Simplistically speaking—the only way I know—measurement uncertainty is part of every measurement made by any source. It is an estimate, usually, of how far from perfection or the true value a measurement may be. The operative word here is ‘may.’ A given measurement may have an uncertainty of plus or minus one unit—or less, but in one case the measured value may be exactly the same as the true value while in another it may be up to one unit away from the true value. The problem is, we don’t know what the true value is and have to allow for that reality.
This subject pops up frequently when results from calibration laboratories are being discussed or, in some cases, fought over. For many users of such services, the fact they are paying someone with a fancy lab and the latest toys to measure something should mean they get an exact value without qualifiers messing up things. Sadly, this is not the case and it wouldn’t be any different if the work was done by NIST. What would be different is the uncertainty noted by NIST for their work would be a lot less than most—if not all—commercial labs, but their report will note their uncertainty just the same.
All of this becomes a call to arms when the user wants the lab to make an acceptance decision on the gage, for example, that they are calibrating. Without fighting over what the tolerances should be as noted in my last column, a decision has to be made with respect to how uncertainty shall be applied when making that decision.
One of my customers said we were bound to provide that decision and cited ISO 17025 as the source for that claim. But the section he referred to notes that if a lab is providing such a decision, uncertainty will have to be taken into account. But it doesn’t stipulate how this is to be done.

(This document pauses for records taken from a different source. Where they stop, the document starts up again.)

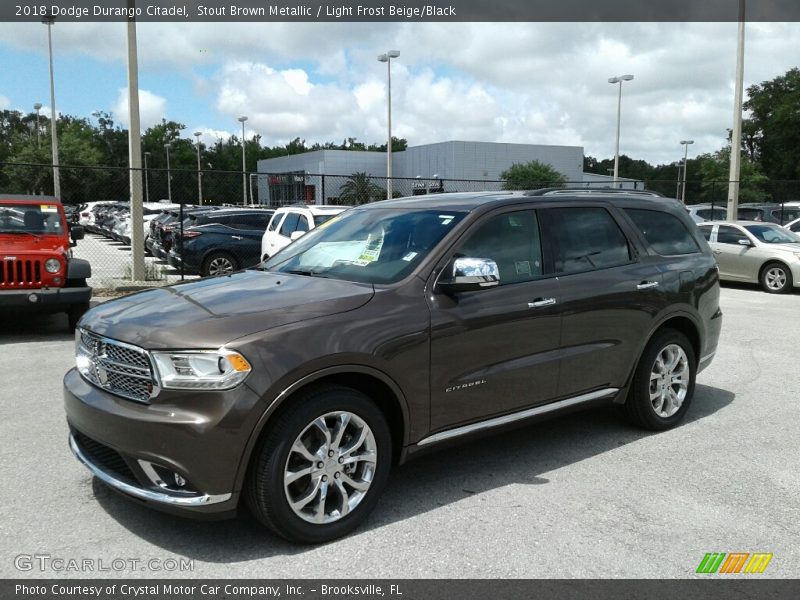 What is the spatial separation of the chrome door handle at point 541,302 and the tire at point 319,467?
51.5 inches

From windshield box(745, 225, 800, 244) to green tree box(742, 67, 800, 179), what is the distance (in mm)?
56157

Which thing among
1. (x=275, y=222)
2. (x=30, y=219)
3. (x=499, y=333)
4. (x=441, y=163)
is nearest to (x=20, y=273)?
(x=30, y=219)

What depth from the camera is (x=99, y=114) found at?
118938mm

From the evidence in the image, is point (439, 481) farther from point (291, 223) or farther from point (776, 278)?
point (776, 278)

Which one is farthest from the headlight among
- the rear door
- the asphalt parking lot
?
the rear door

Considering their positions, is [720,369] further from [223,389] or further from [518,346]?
[223,389]

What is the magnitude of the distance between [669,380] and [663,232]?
1193 millimetres

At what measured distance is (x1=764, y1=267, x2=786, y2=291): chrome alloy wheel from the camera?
15.2 meters

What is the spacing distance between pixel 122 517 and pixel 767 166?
265ft

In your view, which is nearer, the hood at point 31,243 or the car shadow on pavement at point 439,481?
the car shadow on pavement at point 439,481

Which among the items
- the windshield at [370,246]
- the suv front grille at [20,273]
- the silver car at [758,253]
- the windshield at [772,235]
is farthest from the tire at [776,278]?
the suv front grille at [20,273]

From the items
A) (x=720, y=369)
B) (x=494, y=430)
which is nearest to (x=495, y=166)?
(x=720, y=369)

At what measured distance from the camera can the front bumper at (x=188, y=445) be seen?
10.7ft

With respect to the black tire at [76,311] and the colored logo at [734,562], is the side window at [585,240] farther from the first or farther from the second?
the black tire at [76,311] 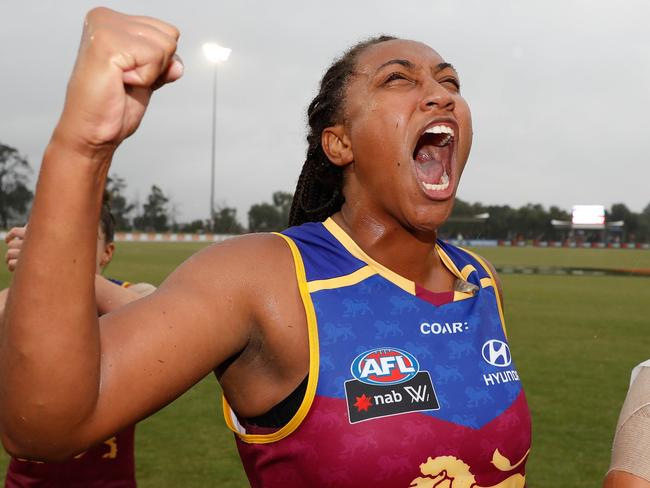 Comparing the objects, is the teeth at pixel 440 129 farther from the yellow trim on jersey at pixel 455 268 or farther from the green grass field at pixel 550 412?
the green grass field at pixel 550 412

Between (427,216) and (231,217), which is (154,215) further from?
(427,216)

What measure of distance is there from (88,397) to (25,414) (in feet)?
0.37

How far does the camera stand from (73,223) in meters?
1.27

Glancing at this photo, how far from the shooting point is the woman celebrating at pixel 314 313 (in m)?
1.27

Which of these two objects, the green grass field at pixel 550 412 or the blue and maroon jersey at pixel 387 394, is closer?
the blue and maroon jersey at pixel 387 394

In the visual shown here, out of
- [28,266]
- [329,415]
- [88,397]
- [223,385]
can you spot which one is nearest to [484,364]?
[329,415]

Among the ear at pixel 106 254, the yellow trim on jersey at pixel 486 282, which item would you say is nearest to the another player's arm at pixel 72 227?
the yellow trim on jersey at pixel 486 282

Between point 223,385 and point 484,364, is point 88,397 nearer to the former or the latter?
point 223,385

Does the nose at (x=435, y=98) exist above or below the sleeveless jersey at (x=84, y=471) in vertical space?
above

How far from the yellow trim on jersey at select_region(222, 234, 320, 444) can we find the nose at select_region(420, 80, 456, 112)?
586 millimetres

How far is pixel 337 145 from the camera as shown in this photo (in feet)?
7.39

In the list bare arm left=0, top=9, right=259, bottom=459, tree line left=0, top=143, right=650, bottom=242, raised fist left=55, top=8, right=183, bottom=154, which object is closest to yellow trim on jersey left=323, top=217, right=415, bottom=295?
bare arm left=0, top=9, right=259, bottom=459

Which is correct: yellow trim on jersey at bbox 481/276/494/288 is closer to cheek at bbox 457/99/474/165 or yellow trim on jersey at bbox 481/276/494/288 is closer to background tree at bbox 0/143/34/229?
cheek at bbox 457/99/474/165

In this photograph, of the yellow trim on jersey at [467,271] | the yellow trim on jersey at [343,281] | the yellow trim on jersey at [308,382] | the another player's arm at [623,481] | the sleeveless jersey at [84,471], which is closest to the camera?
the another player's arm at [623,481]
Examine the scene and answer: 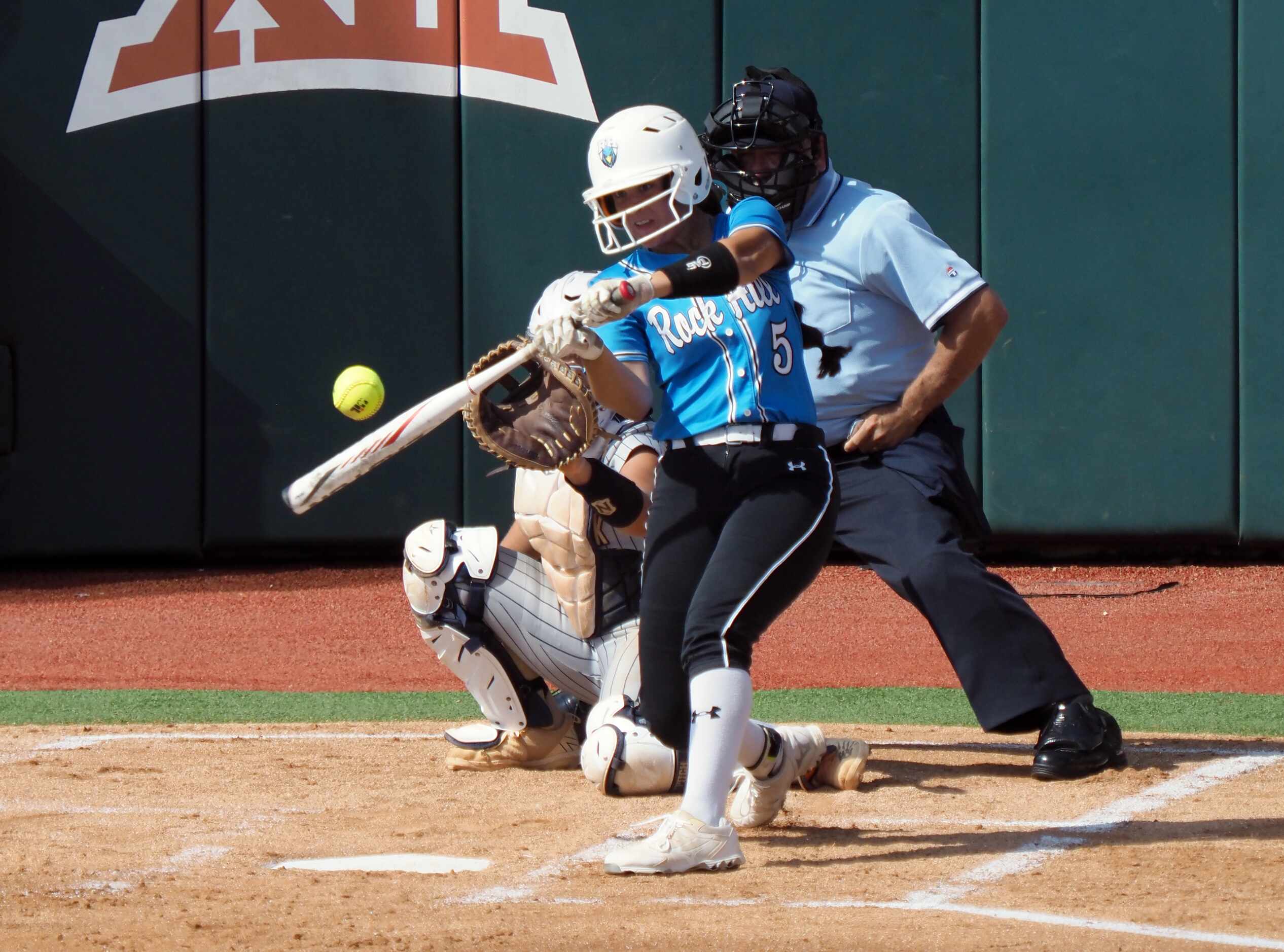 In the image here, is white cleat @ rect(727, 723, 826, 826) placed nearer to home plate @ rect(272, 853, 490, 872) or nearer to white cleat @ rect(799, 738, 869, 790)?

Some years ago we automatically issued accept/reject statements on reports and caught a lot of flak from customers. The reason for this was that once a quality auditor saw the report they got written up for using a rejected gage—even though it might have been suitable for their application. To avoid engineering discussions with the auditor, customers told us they did not want such statements on their reports.
In my lab we do not offer opinions on acceptance as a standard rule. We note the measured value and the related uncertainty and leave it up to the user to decide how it will be applied. If we see something ‘off the wall,’ we call the user’s attention to that but we don’t make a reject decision.
So what does ‘off the wall’ mean? In our case, if the measured value plus the uncertainty produces a number outside of the specified tolerance we advise the customer to review that element before using the item. If the measured value is outside the tolerance but when the uncertainty is applied the adjusted value could just as easily be within the tolerance, we do not flag it.
In a perfect world, the uncertainty would be added to the measured value and the final number used to make the call. An alternative is to note the uncertainty but use the measured value on its own for the decision and assume the uncertainty will not make much of a difference. Most labs seem to follow this practice.
If the user wants an opinion on acceptance it’s best to discuss the ramifications involved before the numbers start flying.
Like the political world, cooperation and discussion before the fact goes a long way toward eliminating the need to call out the artillery.